Near-misses and failure: Part 1
13 November 2018
EFigure 2 Space shuttle Columbia: detached foam impacting left wing
Drawing on two high-profile examples, Sean Brady suggests that attitudes toward near-misses can sometimes result in complacency – with catastrophic consequences.
An article in the ‘Harvard Business Review’, entitled How To Avoid Catastrophe(1), explored how understanding the causes of ‘near-misses’, can play a key part in anticipating the more significant failures.
The article, by Tinsley, Dillon and Madsen, examined failures from a diverse range of industries, including BP’s Deepwater Horizon oil blowout in the Gulf of Mexico and Apple’s issues with poor signal strength following the release of the iPhone 4 in 2010.
While failures of a structural engineering nature were not specifically discussed, it is interesting to examine if near-miss concepts can be applied by the structural engineering profession to better anticipate catastrophic failures.
The fundamental characteristics of near-misses are presented in this article, and, in Part 2, their potential application to structural engineering is explored.

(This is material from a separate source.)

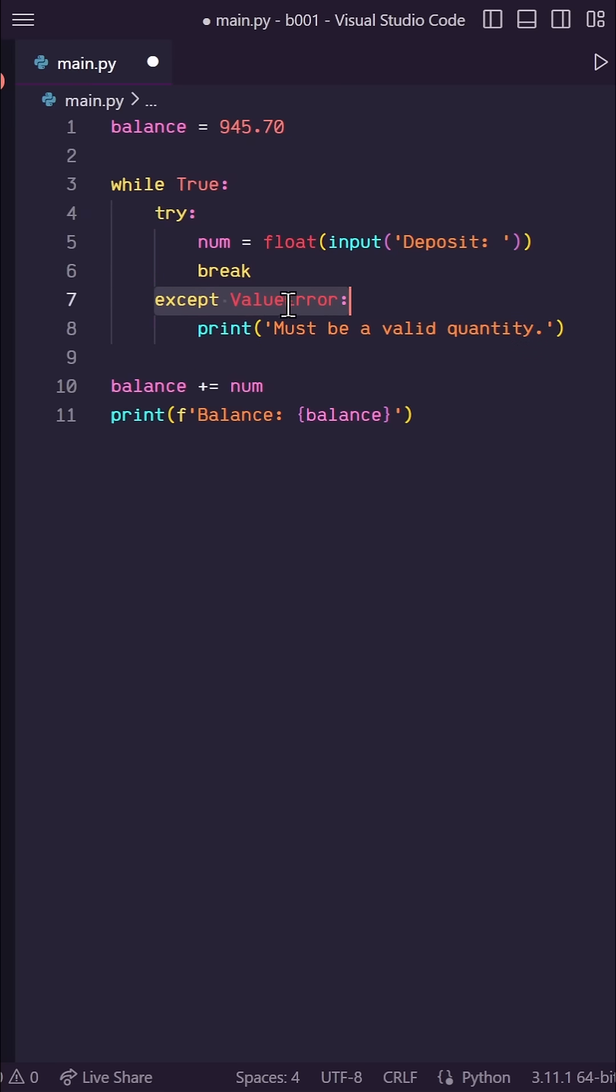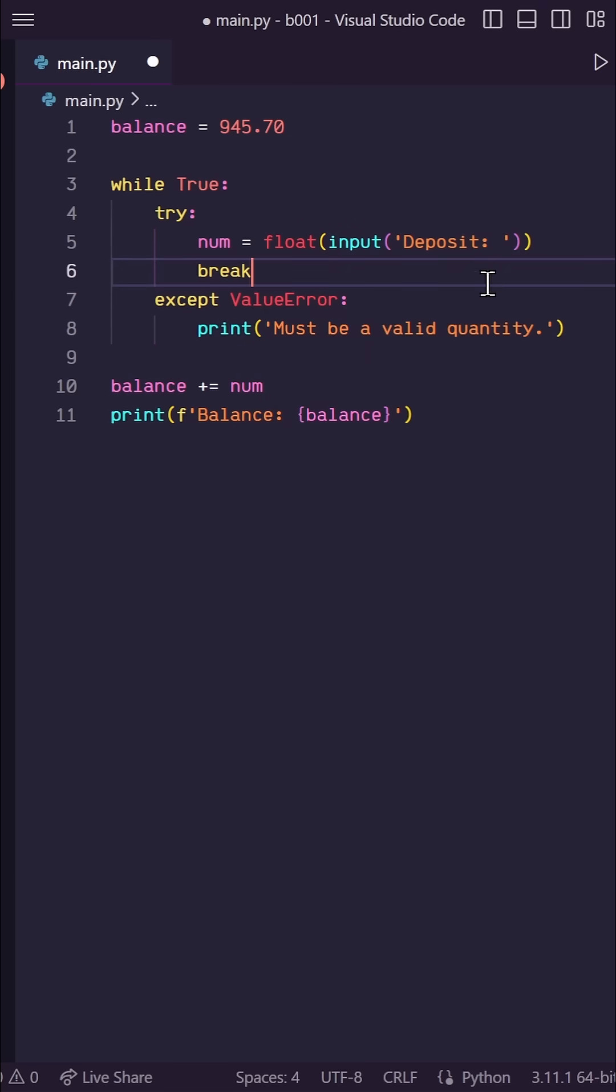However, if a value error occurs and we hit this accept statement, we go through another loop iteration and ask the user again.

Near-misses can be defined as successful outcomes where chance plays a critical role in averting failure(2). In other words, they are situations where latent issues exist, that have the potential to cause significant failures when subject to certain enabling conditions, but where good luck has, to date, prevented such enabling conditions from occurring.
Such a concept is, of course, well known to the workplace health and safety profession, who typically require both workplace incidents and near-misses be recorded.
Near-misses are simply viewed as accidents waiting to happen, with good luck having played a key role in preventing an incident to date.
The concept of near-misses is clearly illustrated by the issues faced by Toyota in 2009, when a Lexus sedan, which was manufactured by Toyota, experienced uncontrolled acceleration issues and crashed, leading to fatalities.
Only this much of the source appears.